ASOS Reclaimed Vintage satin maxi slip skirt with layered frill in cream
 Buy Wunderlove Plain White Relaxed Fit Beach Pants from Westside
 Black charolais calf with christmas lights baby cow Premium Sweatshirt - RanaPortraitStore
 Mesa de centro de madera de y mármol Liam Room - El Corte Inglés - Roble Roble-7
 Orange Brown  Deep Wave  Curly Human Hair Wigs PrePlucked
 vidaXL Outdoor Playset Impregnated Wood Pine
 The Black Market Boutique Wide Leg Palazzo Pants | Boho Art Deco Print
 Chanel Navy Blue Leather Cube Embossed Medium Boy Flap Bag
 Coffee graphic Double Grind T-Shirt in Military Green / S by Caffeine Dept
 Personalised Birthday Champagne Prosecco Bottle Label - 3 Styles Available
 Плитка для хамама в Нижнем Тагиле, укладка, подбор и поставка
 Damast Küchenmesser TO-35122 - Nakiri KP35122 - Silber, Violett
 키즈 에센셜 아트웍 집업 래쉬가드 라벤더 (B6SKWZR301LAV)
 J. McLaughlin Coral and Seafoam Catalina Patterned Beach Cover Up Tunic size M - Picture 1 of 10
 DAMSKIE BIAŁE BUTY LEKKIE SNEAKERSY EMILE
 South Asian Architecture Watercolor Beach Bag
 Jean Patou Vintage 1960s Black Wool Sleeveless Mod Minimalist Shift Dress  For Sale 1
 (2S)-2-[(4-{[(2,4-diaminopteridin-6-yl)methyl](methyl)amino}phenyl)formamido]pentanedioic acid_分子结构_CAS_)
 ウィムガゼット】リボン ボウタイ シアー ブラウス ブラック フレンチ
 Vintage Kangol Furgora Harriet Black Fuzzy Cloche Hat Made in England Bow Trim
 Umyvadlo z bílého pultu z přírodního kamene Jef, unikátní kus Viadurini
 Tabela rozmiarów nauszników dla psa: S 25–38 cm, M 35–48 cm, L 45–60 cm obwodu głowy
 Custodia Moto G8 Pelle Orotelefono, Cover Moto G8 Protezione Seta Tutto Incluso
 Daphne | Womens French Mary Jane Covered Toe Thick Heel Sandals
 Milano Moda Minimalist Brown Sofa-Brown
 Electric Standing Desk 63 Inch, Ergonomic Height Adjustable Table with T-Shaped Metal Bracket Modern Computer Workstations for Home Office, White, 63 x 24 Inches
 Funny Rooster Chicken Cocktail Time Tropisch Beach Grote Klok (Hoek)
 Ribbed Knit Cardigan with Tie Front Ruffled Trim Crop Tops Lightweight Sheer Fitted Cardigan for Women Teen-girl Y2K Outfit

* * * * * * *

__Task goal__
The lines above starting at the one that contains "Hair Wigs PrePlucked" and ending at the one that contains "Funny Rooster Chicken" must be transcribed exactly, and no other lines may appear.

__Reply__
 Orange Brown  Deep Wave  Curly Human Hair Wigs PrePlucked
 vidaXL Outdoor Playset Impregnated Wood Pine
 The Black Market Boutique Wide Leg Palazzo Pants | Boho Art Deco Print
 Chanel Navy Blue Leather Cube Embossed Medium Boy Flap Bag
 Coffee graphic Double Grind T-Shirt in Military Green / S by Caffeine Dept
 Personalised Birthday Champagne Prosecco Bottle Label - 3 Styles Available
 Плитка для хамама в Нижнем Тагиле, укладка, подбор и поставка
 Damast Küchenmesser TO-35122 - Nakiri KP35122 - Silber, Violett
 키즈 에센셜 아트웍 집업 래쉬가드 라벤더 (B6SKWZR301LAV)
 J. McLaughlin Coral and Seafoam Catalina Patterned Beach Cover Up Tunic size M - Picture 1 of 10
 DAMSKIE BIAŁE BUTY LEKKIE SNEAKERSY EMILE
 South Asian Architecture Watercolor Beach Bag
 Jean Patou Vintage 1960s Black Wool Sleeveless Mod Minimalist Shift Dress  For Sale 1
 (2S)-2-[(4-{[(2,4-diaminopteridin-6-yl)methyl](methyl)amino}phenyl)formamido]pentanedioic acid_分子结构_CAS_)
 ウィムガゼット】リボン ボウタイ シアー ブラウス ブラック フレンチ
 Vintage Kangol Furgora Harriet Black Fuzzy Cloche Hat Made in England Bow Trim
 Umyvadlo z bílého pultu z přírodního kamene Jef, unikátní kus Viadurini
 Tabela rozmiarów nauszników dla psa: S 25–38 cm, M 35–48 cm, L 45–60 cm obwodu głowy
 Custodia Moto G8 Pelle Orotelefono, Cover Moto G8 Protezione Seta Tutto Incluso
 Daphne | Womens French Mary Jane Covered Toe Thick Heel Sandals
 Milano Moda Minimalist Brown Sofa-Brown
 Electric Standing Desk 63 Inch, Ergonomic Height Adjustable Table with T-Shaped Metal Bracket Modern Computer Workstations for Home Office, White, 63 x 24 Inches
 Funny Rooster Chicken Cocktail Time Tropisch Beach Grote Klok (Hoek)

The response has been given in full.